Finland has invited an International Physical Protection Advisory Service security review from IAEA and Germany said it is moving toward ratifying 2005 Amendment of the Convention on Physical Protection of Nuclear Materials, while Georgia declared it signed an instrument of approval for International Convention for the Suppression of Acts of Nuclear Terrorism on April 7 this year.

Italy signed a Megaports agreement to install detection equipment at ports with US; establishing a school of nuclear security in Trieste, in collaboration with the Abdus Salam International Centre for Theoretical Physics and IAEA to train nuclear personnel from developing countries.

Further, Kazakhstan announced converting a highly- enriched uranium research reactor and eliminating remaining highly enriched uranium; cooperative work on BN-350 rector shutdown and fuel security; hosting a Global Initiative Activity in June; and considering an International Nuclear Security Training Centre.

Mexico too pitched in by announcing to convert a highly enriched uranium research reactor and eliminating remaining highly enriched uranium working through IAEA.

Norway announced a contribution of $ 3.3 million over the next four years to IAEA nuclear security fund -- flexible funds for use in developing countries -- and another USD 500,000 in additional support to Kazakhstan's efforts to upgrade portal monitors to prevent nuclear smuggling as part of the Global Initiative to Combat Nuclear Terrorism.

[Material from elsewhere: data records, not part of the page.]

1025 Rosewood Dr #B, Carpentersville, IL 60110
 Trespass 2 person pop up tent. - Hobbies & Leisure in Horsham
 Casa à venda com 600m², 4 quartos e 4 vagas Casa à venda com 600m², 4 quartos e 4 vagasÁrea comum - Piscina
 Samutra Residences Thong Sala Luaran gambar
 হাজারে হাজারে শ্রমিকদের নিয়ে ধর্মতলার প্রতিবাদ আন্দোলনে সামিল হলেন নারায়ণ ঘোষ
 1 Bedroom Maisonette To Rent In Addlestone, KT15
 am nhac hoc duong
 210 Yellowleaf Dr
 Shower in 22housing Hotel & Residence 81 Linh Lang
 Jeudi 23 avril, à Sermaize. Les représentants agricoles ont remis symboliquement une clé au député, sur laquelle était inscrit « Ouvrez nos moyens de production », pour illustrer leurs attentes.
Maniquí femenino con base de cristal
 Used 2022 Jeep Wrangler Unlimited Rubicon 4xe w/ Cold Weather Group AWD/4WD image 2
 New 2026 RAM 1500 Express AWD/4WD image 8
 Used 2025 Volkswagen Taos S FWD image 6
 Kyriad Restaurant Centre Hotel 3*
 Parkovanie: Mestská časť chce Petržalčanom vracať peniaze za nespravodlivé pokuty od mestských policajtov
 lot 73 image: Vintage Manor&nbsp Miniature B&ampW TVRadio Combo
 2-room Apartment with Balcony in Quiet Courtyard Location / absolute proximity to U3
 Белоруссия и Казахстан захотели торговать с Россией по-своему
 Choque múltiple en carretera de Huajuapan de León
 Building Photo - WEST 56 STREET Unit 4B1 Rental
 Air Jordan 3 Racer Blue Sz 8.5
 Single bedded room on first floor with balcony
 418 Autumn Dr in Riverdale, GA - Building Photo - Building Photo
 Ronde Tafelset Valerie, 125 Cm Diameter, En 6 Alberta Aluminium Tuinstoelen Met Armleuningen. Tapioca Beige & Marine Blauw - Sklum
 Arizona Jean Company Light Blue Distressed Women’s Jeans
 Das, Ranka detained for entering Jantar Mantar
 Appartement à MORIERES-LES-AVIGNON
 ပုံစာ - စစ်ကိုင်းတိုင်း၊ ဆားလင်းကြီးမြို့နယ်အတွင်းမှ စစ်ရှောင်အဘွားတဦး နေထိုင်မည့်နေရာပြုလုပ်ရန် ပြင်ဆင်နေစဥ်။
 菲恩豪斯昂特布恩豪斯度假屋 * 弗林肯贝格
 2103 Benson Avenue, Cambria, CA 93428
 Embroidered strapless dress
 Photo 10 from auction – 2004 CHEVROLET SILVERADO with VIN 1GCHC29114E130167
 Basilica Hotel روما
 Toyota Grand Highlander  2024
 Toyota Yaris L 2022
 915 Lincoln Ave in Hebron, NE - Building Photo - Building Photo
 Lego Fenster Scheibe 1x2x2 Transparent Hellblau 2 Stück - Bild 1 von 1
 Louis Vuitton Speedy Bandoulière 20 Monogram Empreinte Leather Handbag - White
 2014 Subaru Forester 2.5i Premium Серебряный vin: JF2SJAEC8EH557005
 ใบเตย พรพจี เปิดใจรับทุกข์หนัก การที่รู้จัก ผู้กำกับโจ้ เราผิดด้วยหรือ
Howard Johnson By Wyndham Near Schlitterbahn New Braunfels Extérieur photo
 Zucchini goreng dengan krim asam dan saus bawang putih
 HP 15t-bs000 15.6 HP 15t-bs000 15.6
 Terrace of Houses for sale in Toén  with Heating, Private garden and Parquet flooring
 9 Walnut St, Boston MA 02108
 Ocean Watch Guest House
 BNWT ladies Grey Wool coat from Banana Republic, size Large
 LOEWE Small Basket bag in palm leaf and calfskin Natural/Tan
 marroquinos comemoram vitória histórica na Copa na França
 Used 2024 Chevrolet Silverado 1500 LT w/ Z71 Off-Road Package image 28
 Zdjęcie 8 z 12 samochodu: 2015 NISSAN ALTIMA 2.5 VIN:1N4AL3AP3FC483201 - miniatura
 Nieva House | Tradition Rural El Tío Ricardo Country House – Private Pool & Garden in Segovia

The Philippines announced it would join Global Initiative to Combat Nuclear Terrorism; South Korea came forward to host next Nuclear Security Summit in 2012; Russia signed Plutonium Disposition protocol; with US and Saudi Arabia announcing it will host UNSCR 1540 conference for Gulf Cooperation Council.

Thailand said that it is joining the Global Initiative to Combat Nuclear Terrorism; Ukraine announced it is removing all highly enriched uranium by next Summit -- half of it by the year-end; the United Arab Emirates also signed a Megaports Agreement with the US and Vietnam said it is converting a highly-enriched uranium research reactor; joining the Global Initiative to Combat Nuclear Terrorism.

The UK announced contributing $ 6 million to the IAEA Nuclear Security Fund; inviting an International Physical Protection Advisory Service security review from the IAEA; ratification of the International Convention on Suppression of Acts of Nuclear Terrorism and 2005 Amendment of the Convention on Physical Protection of Nuclear Materials.